I used to get this question a lot at my current old company. How can we, as a user of several operational systems, take more advantage of The Cloud? This is where the infamous Gartner Hype Cycle, of which there are hundreds of examples, comes into play. In terms of The Cloud within this cycle, I’d say we are getting higher and higher towards the ‘Peak of Inflated Expectations’. As more and more technology companies commandeer the term for marketing purposes or shove some new software package onto EC2, expectations get set. Marketing philosophy aside, I find myself explaining what the cloud can do, what its used for, and why we should use it to more and more folks in my office.
I recommend starting here for a general semantics overview to describe all the aspects of the cloud. There is no One Cloud for all people. I agree with the 3 layers of cloud services comprising of SaaS, PaaS, and IaaS. The mainstream cloud service of Amazon Web Services is a IaaS and PaaS model, depending on which service you buy.
I think for corporate entities that have applications that are not web properties or scientific/analytic computations, the options for leveraging the cloud are relatively slim. I know of 2 basic services that our company could possibly leverage today for their “operational systems”. Database Backup service similar to Zmanda(that Ingres would of course build our own) and Outlook attachment offloading. Not necessarily game changing use of the cloud.
The other alternative is to simply put demo environments on the cloud for our field reps, allowing them to spin up an environment when they need it without crushing their laptops with VMware or similar memory hogging technology. Again, sort of a ho hum advantage. This is where the cloud and its messaging will need to go through a marketing maturity model of sorts. The current drum beat that the Cloud could save energy issues, eliminate system admins, etc. etc. all need to be set in context to some real business value proposition.

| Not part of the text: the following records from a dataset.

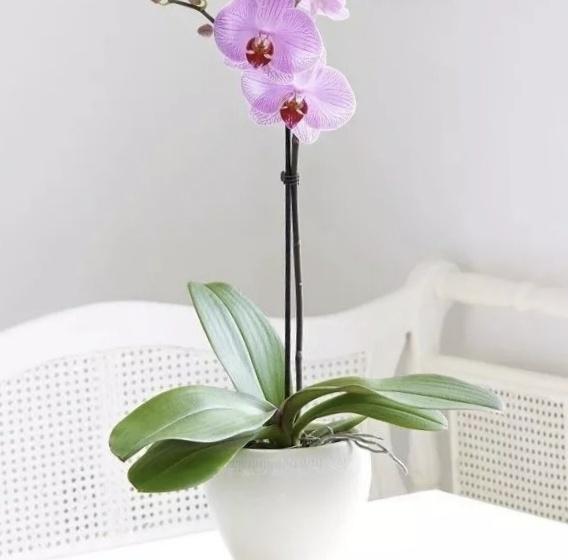 头条问答 蝴蝶兰扦插繁殖方法有哪些 24个回答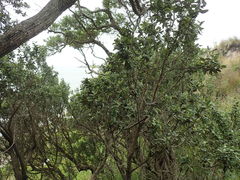 Olearia traversiorum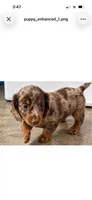 Miniature Dachshund Long hair chocolate dapple, a female Miniature Dachshund for sale in Eads, TN – 1 of 6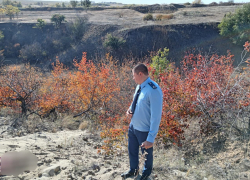 Трагическую историю с погибшей под завалами песка волгоградской школьницей проконтролирует Бастрыкин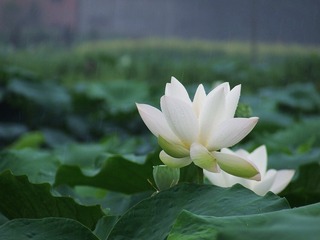 DSCF8813[1]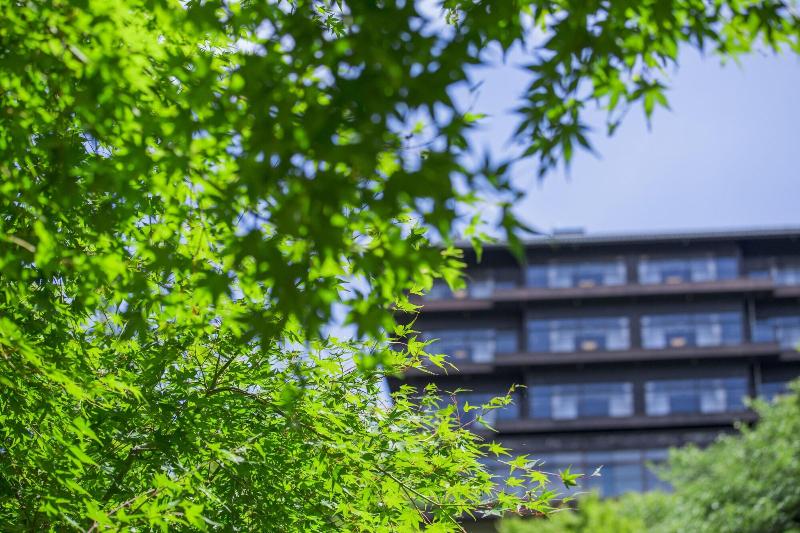 Fotos del hotel Arima Onsen Motoyu Kosenkaku:  41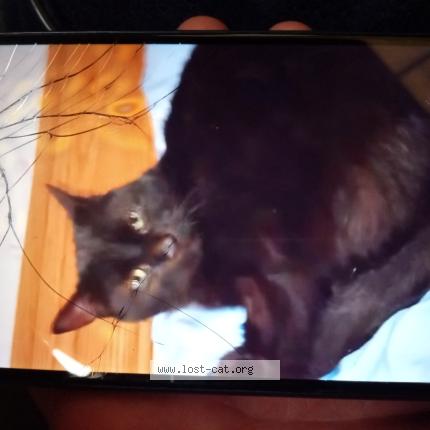 Photo 1/1 Charlie Chat perdu à Lafayette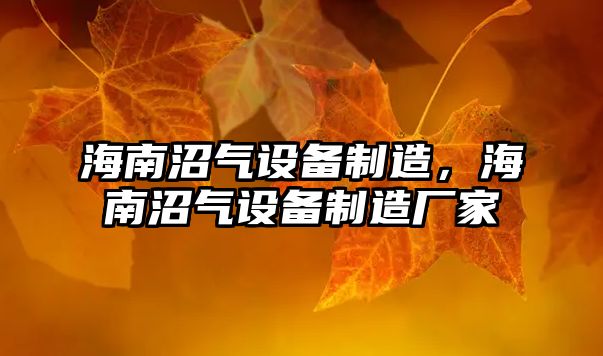 海南沼氣設備制造，海南沼氣設備制造廠(chǎng)家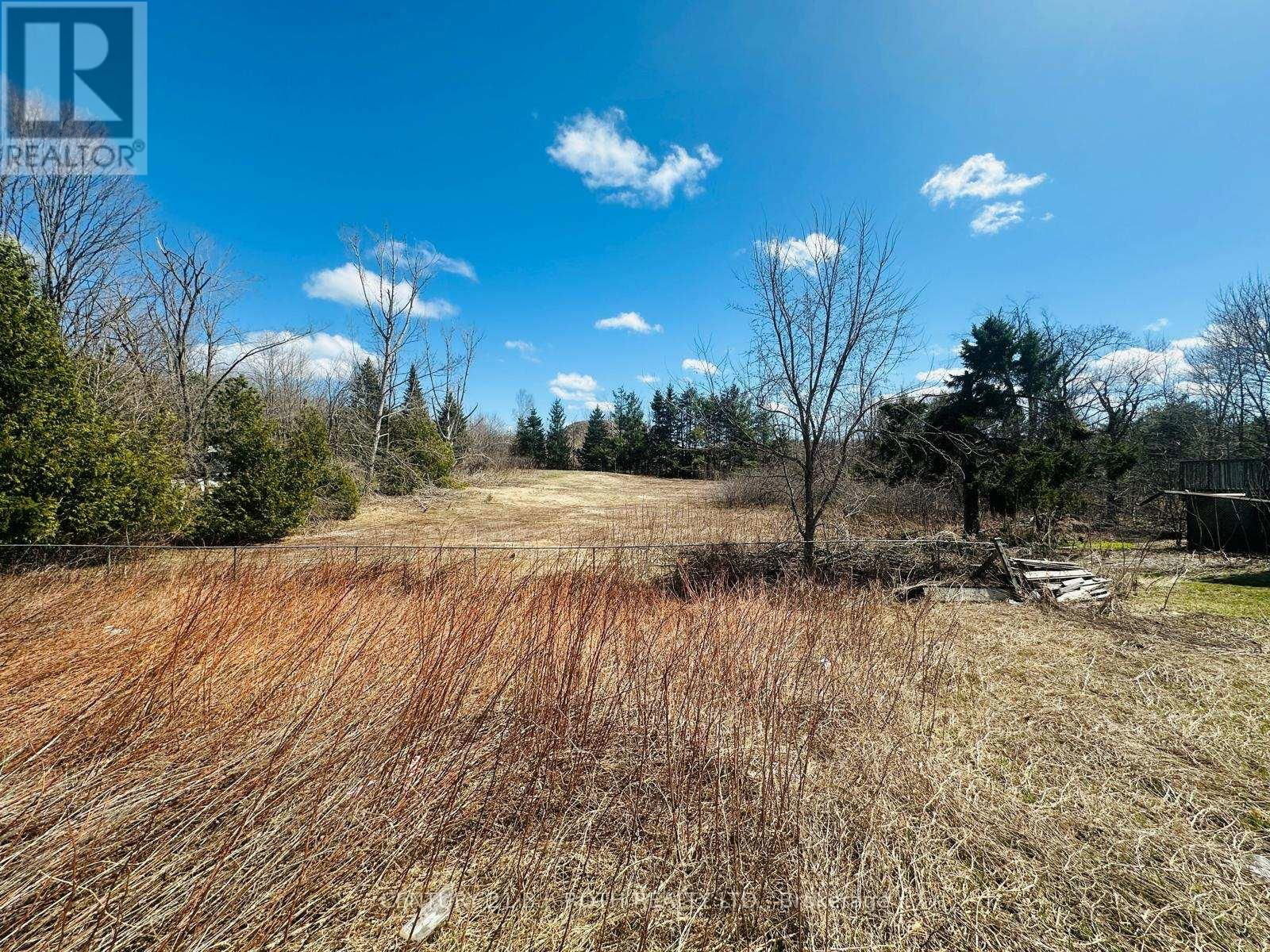 2925 OLD BARRIE ROAD EAST Image 12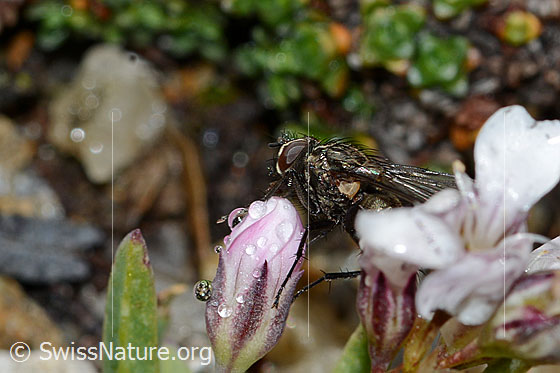 Foto: Helina reversio (Echte Fliege) an Kriechendem Gipskraut (Gypsophila repens). Länge 7mm. Männchen. Ansicht von der Seite.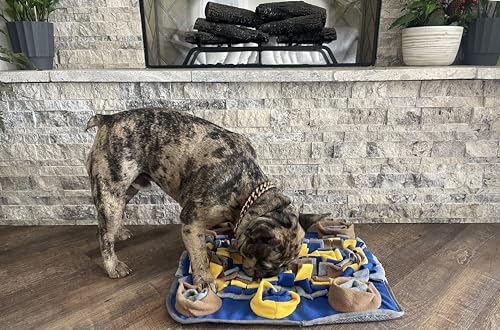 Piggy Poo and Crew Dichromatic Snuffle Foraging Mat for Dogs Perception of Color Enrichment Toy for Dogs Puppies Pigs Rabbits Cats Small Animals - color: Blue Yellow Brown Gray
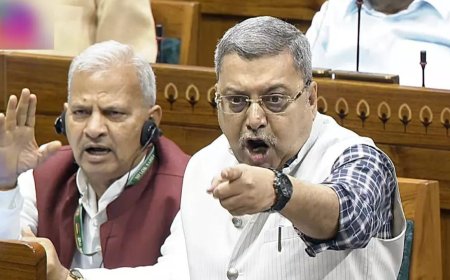 'Who made you minister?': TMC MP slams government over stoppage of MGNREGA funds for Bengal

A recent webinar I attended hosted by Information Week took a poll of the attendees asking their interests in cloud services. 50% said they were “checking it out, still waiting to jump in”. For all the hype and attention, the cloud is still a new fangled technology trying to find its way into more and more use cases. This will continue to take place, in my opinion, until applications have been (re)written to take advantage of the cloud seamlessly(like Mathematica) or ground up cloud apps will come to market(which, you could argue the first gen SaaS players are already there).
I attended a conference last spring(2008) where Simon Crosby(CTO of Citrix / Xen) spoke about the future of Hypervisors and why everyone else was doing it wrong. Entertaining talk. Virtualization is to clouds like water is to farming, its simply a must have. The piece that stuck with me was the current lack of instrumentation and toolkits for Hypervisors to understand the resource load requests of applications *before they request it*. He went on to say that in order for more packaged apps to work with VMs and Hypervisors intelligently, more sophistication(and a standard) are needed to collect the needed meta metrics for a true dynamic elastic response. Some applications do this today, but there is no standard, no toolkit to effectively enable developers to write applications to respond to the benefits of the cloud. Just like the plug in the wall, the load ebbs and flows depending on what I do. All the “apps” writing to those plugs fit a standard API and thus the grid can respond to it predictively.
The talk was ages ago, so I do wonder what new is happening in the application development space to enable ISVs and customers to write “cloud aware” applications?
I think time and start up investment will change this in 2009.